Friday, November 24, 2017

Long Line of Love

The other day I was getting ready for school and I pulled out a necklace that I'd put away a while ago. There's nothing wrong with it. It's an unusual piece and I adore it. I just don't wear gold jewelry. I lean toward silver or, better yet, stainless steel. But as I was preparing to leave the house, this piece spoke to me. And it hasn't left my neck since.

When my grandma died, there was one piece of her jewelry I wanted more than anything. I remember asking for it and no one cared for it. It wasn't something they would wear. What's funny is that no one knew the story behind it. Grandma had only bothered to tell me.

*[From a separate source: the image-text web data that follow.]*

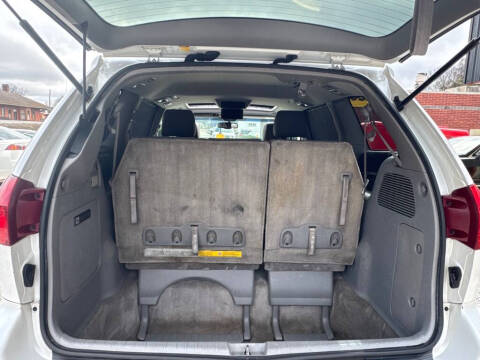 2005 Toyota Sienna
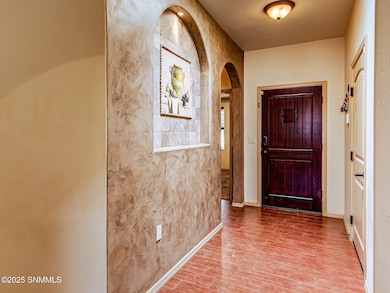 4022 Bravia Dove Loop LCNM-16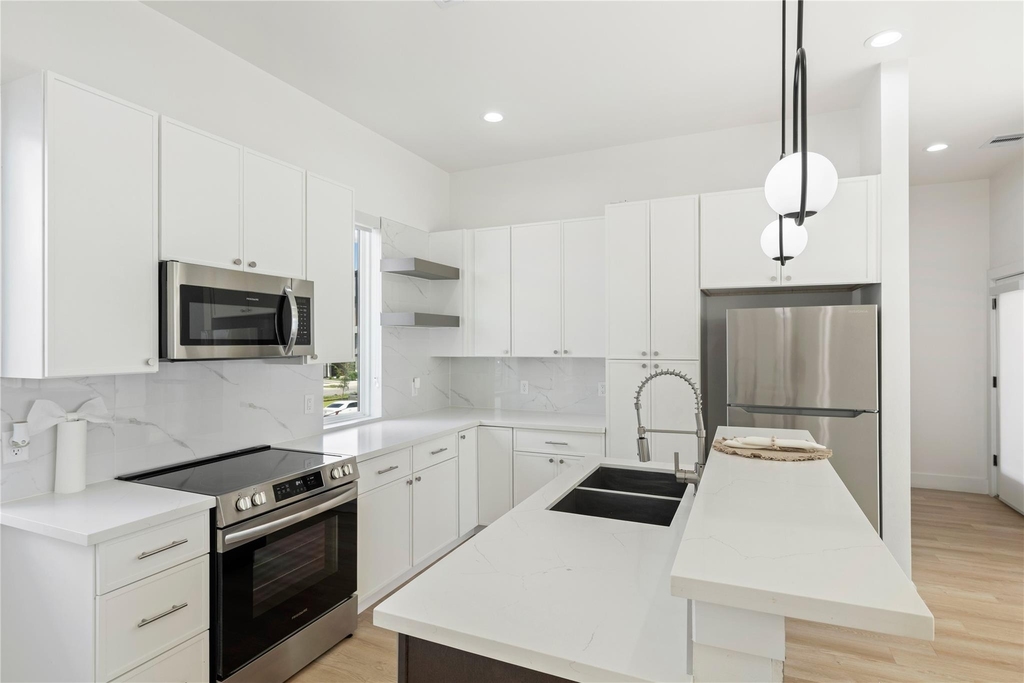 3012 Delano Street - Photo 7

My grandmother's father passed away in 1983 (I think it was). I was right around 11 years old. Grandma and Grandpa were divorced. Grandma, in a sentimental act unlike her, took her mother and father's wedding bands along with her and grandpa's bands to the jeweler. He melted the gold down and formed the pendant below.


I remember going with her to the jeweler to pick it up. She came out of the store, got into the car, and told me the story of the pendant. 

When times I got hard and I struggled financially, I had to sell a lot of my jewelry to have cash simply for groceries and gas. I often thought I would have to sell this piece, but my heart broke just thinking I might have to. Just when things were to the point where I was having to think of selling it, money would come through and I'd make it another month.

It is an odd looking piece and not something people would love to wear. However, it is a reminder to me...that I have come from a long line of love. During the holidays (and sometimes along the way), I need to be reminded of that.


Do you have something that reminds you of who you are or where you come from? Tell me about it, please!